Utilization of bacterial volatilization can be problematic to remediate mercury (Hg)-contaminated soils because most of the Hg in soils is bound to soil particles. The objective of this study was to develop a two-stage system (chemical extraction followed by microbial reduction) for Hg-contaminated soil remediation. The tasks were to (1) select the extraction reagents for Hg extraction, (2) assess the effects of extraction reagents on the growth of Hg-reducing bacterial strains, and (3) evaluate the effectiveness of Ca2+ and Mg2+ addition on merA gene (Hg reductase) induction. Bacterial inhibition was observed with the addition of 0.1 M ethylenediaminetetraacetic acid or citric acid. Up to 65% of Hg was biotransformed (Hg concentration = 69 mg/kg) from the soils after a 24 h extraction using 0.5 M ammonium thiosulfate. Ca2+ and Mg2+ were selected because they have the same electric charge as Hg and the studied groundwater contained high concentrations of Ca2+ and Mg2+. Results showed that the addition of 200 mg/L Ca2+ or 650 mg/L Mg2+ could reach effective merA induction.

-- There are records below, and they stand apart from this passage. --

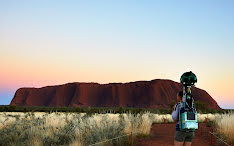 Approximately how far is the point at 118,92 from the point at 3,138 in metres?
124

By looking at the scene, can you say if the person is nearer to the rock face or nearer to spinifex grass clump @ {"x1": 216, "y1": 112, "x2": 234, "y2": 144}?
spinifex grass clump @ {"x1": 216, "y1": 112, "x2": 234, "y2": 144}

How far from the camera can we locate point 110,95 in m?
136

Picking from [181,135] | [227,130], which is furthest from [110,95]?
[181,135]

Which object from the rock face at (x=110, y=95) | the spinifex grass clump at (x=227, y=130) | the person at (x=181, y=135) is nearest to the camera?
the person at (x=181, y=135)

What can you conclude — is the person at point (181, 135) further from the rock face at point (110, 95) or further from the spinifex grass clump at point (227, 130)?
the rock face at point (110, 95)

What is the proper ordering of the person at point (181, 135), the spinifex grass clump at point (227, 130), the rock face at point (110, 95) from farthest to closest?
the rock face at point (110, 95), the spinifex grass clump at point (227, 130), the person at point (181, 135)

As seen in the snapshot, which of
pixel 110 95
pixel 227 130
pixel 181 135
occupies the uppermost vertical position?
pixel 110 95

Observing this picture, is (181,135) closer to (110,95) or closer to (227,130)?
(227,130)

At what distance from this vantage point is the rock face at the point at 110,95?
126500mm

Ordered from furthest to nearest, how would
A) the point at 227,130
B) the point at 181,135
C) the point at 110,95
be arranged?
1. the point at 110,95
2. the point at 227,130
3. the point at 181,135

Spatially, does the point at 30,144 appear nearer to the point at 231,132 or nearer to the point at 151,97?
the point at 231,132

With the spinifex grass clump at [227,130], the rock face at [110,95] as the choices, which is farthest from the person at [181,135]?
the rock face at [110,95]

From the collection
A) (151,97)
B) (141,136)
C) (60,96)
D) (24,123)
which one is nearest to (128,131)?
(141,136)

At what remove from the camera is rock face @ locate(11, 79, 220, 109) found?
12650cm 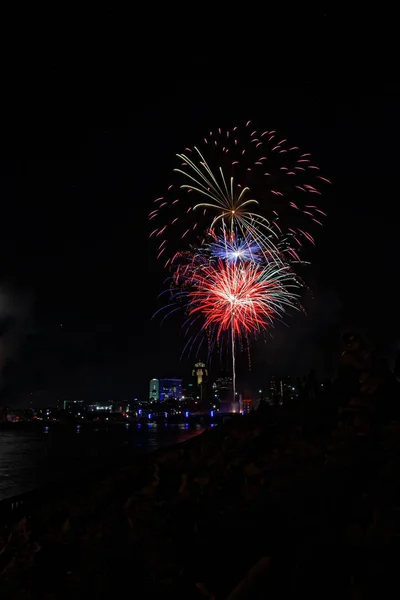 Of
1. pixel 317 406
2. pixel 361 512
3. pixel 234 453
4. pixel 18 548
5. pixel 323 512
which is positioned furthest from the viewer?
pixel 317 406

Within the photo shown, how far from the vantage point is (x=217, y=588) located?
337 cm

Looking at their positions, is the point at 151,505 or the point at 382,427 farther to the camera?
the point at 151,505

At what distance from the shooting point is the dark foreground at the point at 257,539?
2523mm

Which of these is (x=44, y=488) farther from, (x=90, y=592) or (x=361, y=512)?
(x=361, y=512)

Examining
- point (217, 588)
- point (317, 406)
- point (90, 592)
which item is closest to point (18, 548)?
point (90, 592)

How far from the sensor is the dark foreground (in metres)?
2.52

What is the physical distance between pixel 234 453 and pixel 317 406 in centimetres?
176

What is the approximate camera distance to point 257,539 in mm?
→ 3488

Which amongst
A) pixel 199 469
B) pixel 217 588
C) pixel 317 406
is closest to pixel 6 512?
pixel 199 469

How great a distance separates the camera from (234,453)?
6859 millimetres

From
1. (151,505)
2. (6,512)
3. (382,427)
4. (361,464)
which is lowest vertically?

In the two-stage experiment, 120 mg/kg Hg-contaminated soils were extracted with 2 rounds of extraction processes for 10 h using 0.5 M ammonium thiosulfate. Approximately 77% of Hg was extracted from the soils after the first-step extraction process. Up to 81% of Hg2+ was transformed from the washing solution via the biotransformation processes with Enterobacter cloacae addition and Ca2+ and Mg2+ supplementation. The two-stage remedial system has the potential to be developed into a practical technology to remediate Hg-contaminated sites.